Design of a scalable multiprocessor architecture and its simulation

doi:10.1016/S0164-1212(01)00034-6

Journal of Systems and Software

Volume 58, Issue 2, 1 September 2001, Pages 135-152

https://doi.org/10.1016/S0164-1212(01)00034-6 Get rights and content

Abstract

Performance enhancement and system scalability are two of the most important issues in the design of multiprocessor systems. A scalable cluster-based multiprocessor architecture and its simulation environment called SEECMA are proposed. Several new issues in our architecture, including scalable cache coherence protocols, relaxed memory consistency models, memory optimization techniques and several types of processors are considered. It has been developed to meet current trends in clustering architecture design. Additionally, the SEECMA environment is presented as a helpful investigation tool for both education and research. In addition to many simulation options, it is provided with a user-friendly graphic interface. SEECMA can automatically collect data from several simulation runs and display the results for comparison. So far, we have evaluated several vital issues of cluster-based multiprocessors on SEECMA including effective prefetching and replacement policies, and optimization of migratory sharing using both hardware and software mechanisms. On average, these enhance system performance by up to 8%, 9% and 7%, respectively. Our cluster-based multiprocessor architecture also scales more readily than the current general, or cluster-based, multiprocessor environments.

Introduction

The gap between the computing power of microprocessors and that of the largest supercomputers is shrinking, while the price/performance advantage of microprocessors is increasing. This clearly points to using microprocessors as the computation engines in large multiprocessor systems. The challenge lies in building a machine that can scale up its performance while maintaining the initial price/performance advantage of the individual processors. Scalability allows a parallel architecture to leverage commodity microprocessors and small-scale multiprocessors to build larger scale machines. These larger machines offer substantially higher performance, which provides the impetus for programmers to port their sequential applications to parallel architectures instead of waiting for the next higher performance uni-processor. Due to the rapid progress in VLSI and packaging technologies, they have become a driving force in the design and development of highly scalable parallel systems using cluster-based architecture, simultaneously exploiting local communication. Currently there are commercial supercomputers constructed with a cluster-based architecture, such as the CONVEX SPP series (CONVEX, 1994). Meanwhile, system designers must rely upon a convenient and accurate simulation environment to verify their designs or determine the most cost-effective strategies. Our cluster multiprocessor and its simulation environment, called simulation and evaluation environment for cluster-based multiprocessor architecture (SEECMA), are designed to address the above issues. SEECMA is the outcome of follow-up work on simulation and evaluation environment for shared-memory multiprocessor architecture (SEESMA) (Wu et al., 1998c).

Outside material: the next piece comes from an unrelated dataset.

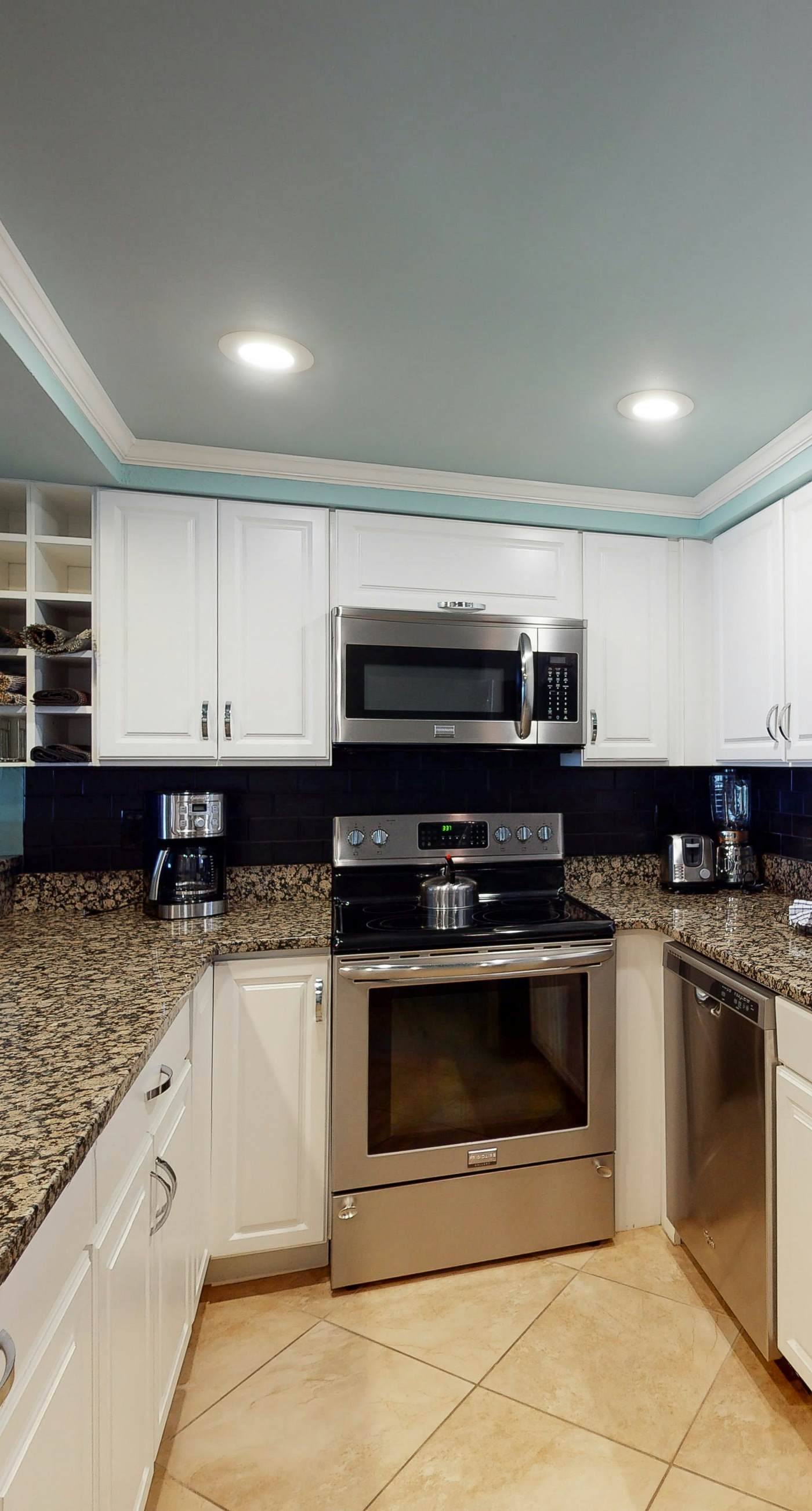 Gorgeous beachfront condo with a pool & private beach access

Our architecture is designed for high performance and scalability. Our main purpose is to construct effective memory and interconnection architectures. After our evaluation, we found that our architecture has the following desirable attributes.

1.
A multithreaded processor architecture in a cluster-based system is possible, which is more effective when combined with our proposed mechanisms.
2.
Several memory consistency models (Wu, 1998a, Wu and Chen, 1998b) to improve the parallelism of the system were constructed, all resulting in improved system performance.
3.
We propose several new cache coherence protocols and directory structures in the linked-base type of cluster-based architecture, and these also perform better than existing protocols. We also demonstrate that some cache coherence protocols that perform well in non-cluster-based systems perform poorly in cluster-based systems.
4.
Several new prefetching and replacement policies are presented to improve the efficiency of the cache system, and simulation results prove these to be effective.
5.
With the assistance of these effective mechanisms, we find our architecture has high scalability when evaluating performance.

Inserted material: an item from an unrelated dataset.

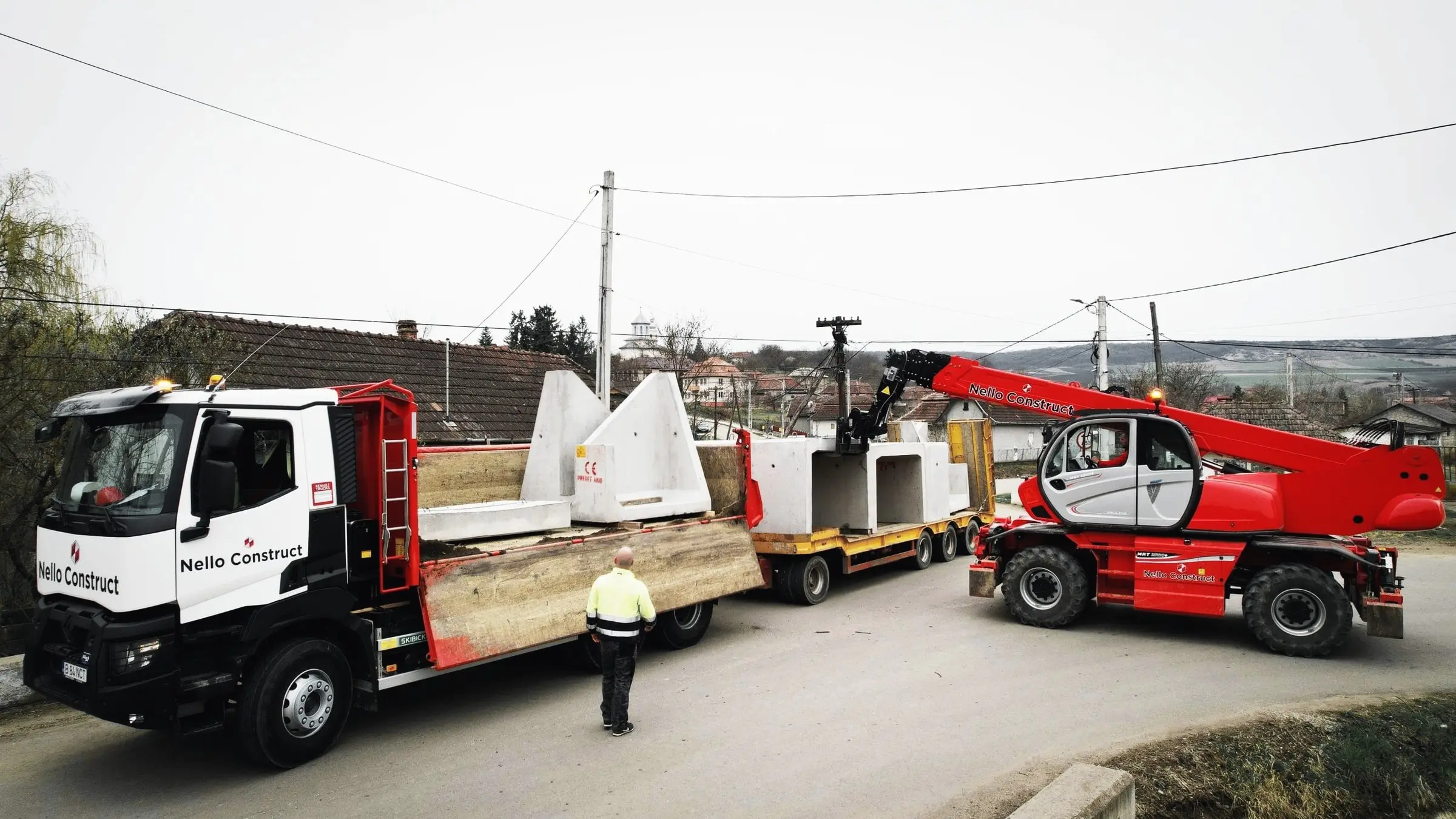 Camion Nello Construct cu elemente prefabricate din beton și manipulator telescopic roșu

As SEECMA is extended from SEESMA (Wu et al., 1998c), the kernel simulator is the MINT package (Veenstra and Fowler, 1994), which was originally developed at the University of Rochester. SEECMA aims to provide a simulation and evaluation environment for cluster-based multiprocessor systems. It supports the following simulation functions:

1.
two types of processor architectures;
2.
two-level caches with write caches (WCs);
3.
a message-passing-based interconnection network;
4.
four types of memory consistency models;
5.
five types of cache coherence protocols;
6.
three types of cache coherence directory structures;
7.
effective replacement policies; and
8.
effective prefetching schemes.

SEECMA is equipped with versatile simulation options and users may customize the target memory architecture by clicking on the appropriate buttons in a user-friendly X-windows interface.

Users are provided with either a menu or graphic input environment through a Graphic User Interface (GUI). The menu-based interface is similar to conventional windows functions while the graph-based interface is more convenient for beginners. Users move the cursor around various architectural components and click on them to select the required simulation options. Each time a simulation option is located, the graph is updated. On-line help is also supported. Other than the above, SEECMA automatically collects numerical data from several simulation results, and displays the corresponding statistical graphs. So far, both bar charts and line charts are available. Using these graphs, users are able to compare the performance of different architectural parameters.

SEECMA, with its abundant simulation features, serves as a valuable research environment for system designers who are interested in cluster-based multiprocessor architecture. We have used SEECMA on many research issues related to memory subsystems, including cache coherence protocols, memory consistency models, interconnection networks, cache hierarchies, migratory sharing (Su et al., 1996), as well as prefetching and replacement policies (Pean et al., 1998a).

As a result of simulation, we found that our new mechanisms, developed in our cluster-based architecture, performed much better than current methods. We illustrate some of them in the following. Note that all the comparisons, including non-cluster system architecture and DASH (Lenoski and Laudon, 1989) system architecture, are made based on the simulations performed using SEECMA. Our inter-clustered cache prefetching mechanism performs, on average, about 8% better than the original non-inter-clustered cache system for benchmarks in the SPLASH benchmark suite (Singh et al., 1992; Woo et al., 1995). Our effective replacement policy performs, on average, about 9% better than the original replacement policy. We propose a migratory-sharing optimization mechanism; the total system performs 7% better, on average, than the system without our optimization. Other effective mechanisms also perform well, and we describe them in detail in the following sections.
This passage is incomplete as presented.